In other words, Pennsylvania could very well decide the election. The demographic tied most to deciding the election throughout the course of 2020 is the Latinx population. 

Pennsylvania is no different, with massive hubs of Latinx voters in North Philadelphia, Reading, Allentown, and Lancaster to name a few.

To help those voters along in their efforts to perform their civic duty, the nonprofit, Make the Road has sent a number of Election Protection Ambassadors to polls in Allentown, Reading and North Philadelphia for support.

Make the Road, also known as Make the Road Action, is a national organization dedicated to building power in immigrant and working-class communities of color through policy advocacy and grassroots organizing.

There are chapters in New York, Pennsylvania, Connecticut, Nevada, and New Jersey.

The efforts in Pennsylvania by Election Protection Ambassadors on Nov. 3 were led by the Pennsylvania chapter in collaboration with those from New York and New Jersey.

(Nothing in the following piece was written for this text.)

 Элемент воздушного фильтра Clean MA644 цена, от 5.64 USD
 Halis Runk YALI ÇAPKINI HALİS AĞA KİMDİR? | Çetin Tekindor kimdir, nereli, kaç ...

Teams of ambassadors were at polls in Reading, Allentown and North Philadelphia helping voters with everything from translation and voters’ rights claims to providing food and entertainment as people waited in long lines.

In one instance, Make the Road’s Managing Director Daniel Altschuler reported the predicament of Berquis in Reading. With limited English, she was sent away from her polling location after she tried to surrender her ballot and vote in person.

A Make the Road ambassador drove her back to the polling place to sort out the confusion.

Elsewhere in Reading, as voters waited in a two-hour-long line, ambassadors distributed tacos.

In Allentown, there weren’t tacos, but musical performances to kick off the day at the polls.